Con i motivi dal sesto al tredicesimo, il datore di lavoro  censura la violazione dei canoni di ermeneutica contrattuale ai sensi dell’art. 1362 cod. proc. civ. ( il sesto, l’ulteriore sesto, l’ottavo, il decimo) nonché la violazione e falsa applicazione – ai sensi dell’art. 360 nr. 3 cod.proc.civ. – dell’art. 55 del CCNL 1994 ( settimo motivo) degli artt. 67 del CCNL 1994, 60 del CCNL del 2001, 63 del CCNL 2003, 66 del CCNL del 2007 ( l’ulteriore settimo), degli artt. 29 e 73 del CCNL del 1994, 39 del CCNL del 2001 e del 2003, 42 del CCNL 2007 ( nono motivo) degli artt. 68 del CCNL del 1994, 61 del CCNL , 64 DEL ccnI DEL 2003 e 60 del ccnI del 2007 ( undicesimo motivo).

Per i giudici della Suprema Corte, le censure si arrestano al rilievo di inammissibilità, per difetto di specificità.

Difatti – proseguono gli Ermellini – quando sia denunziata in ricorso la violazione di norme del contratto collettivo la deduzione della violazione deve essere accompagnata dalla trascrizione integrale delle clausole, al fine di consentire alla Corte di individuare la ricorrenza della violazione denunziata ( cfr. Cass. nr. 25728 del 2013; Cass. nr. 2560 del 2007; Cass. nr. 24461 del /2005 ) nonché dal deposito integrale della copia del contratto collettivo (Cass., sez. un., nr. 20075 del 2009) o dalla indicazione della sede processuale in cui detto testo è rinvenibile ( Cass., sez. un., nr. 25038 del 2013).

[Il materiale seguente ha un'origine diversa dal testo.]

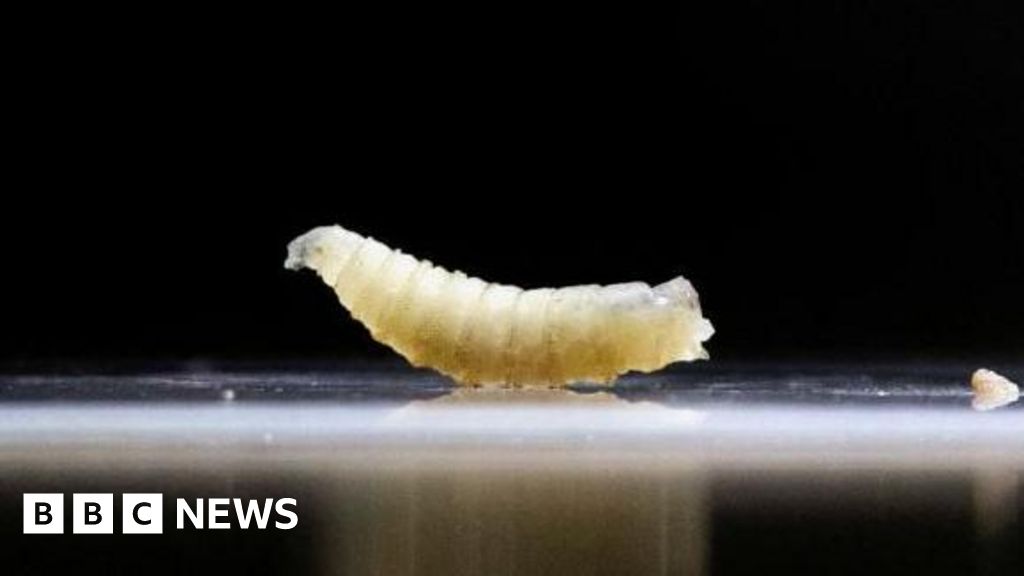 US plans to fight flesh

Nella fattispecie di causa, le clausole del contratto collettivo di cui si denunzia la violazione (articoli) sono riportate solo per sintesi del contenuto sicché non è consentito alla Corte di Cassazione alcun esame del loro effettivo ed integrale tenore testuale. Da qui il rigetto del ricorso.

Una breve riflessione

Interessante decisione quella in esame. La Suprema Corte, nell’esaminare uno dei tredici motivi di ricorso proposti dal datore di lavoro,  si sofferma, sia pur sinteticamente, sui criteri di determinazione del danno conseguente al demansionamento del lavoratore.

I criteri considerati sono:

  • la qualifica del lavoratore;
  • la durata del demansionamento;
  • l’evoluzione organizzativa e tecnica delle mansioni precluse al lavoratore.

Per gli Ermellini, detti elementi, da considerarsi sintomatici di un pregiudizio alla professionalità del lavoratore, giustificano la liquidazione del danno in una misura quantificabile al 30% della retribuzione percepita dal lavoratore.

Ovviamente non si tratta di un criterio tipizzato, ma di una liquidazione “equitativa” del danno.

Del resto, come ha chiarito la Suprema Corte in sentenza – il potere discrezionale conferito al giudice di liquidare il danno in via equitativa non è suscettibile di sindacato in sede di legittimità quando la motivazione della decisione dia adeguatamente conto dell’uso di tale facoltà, indicando il processo logico e valutativo seguito (Cass. nr. 24070 del 2017) e non vi sia un macroscopico scostamento da dati di comune esperienza o una radicale contraddittorietà delle argomentazioni (Cass. nr. 12253 del 2015; nr. 18778 del 2014).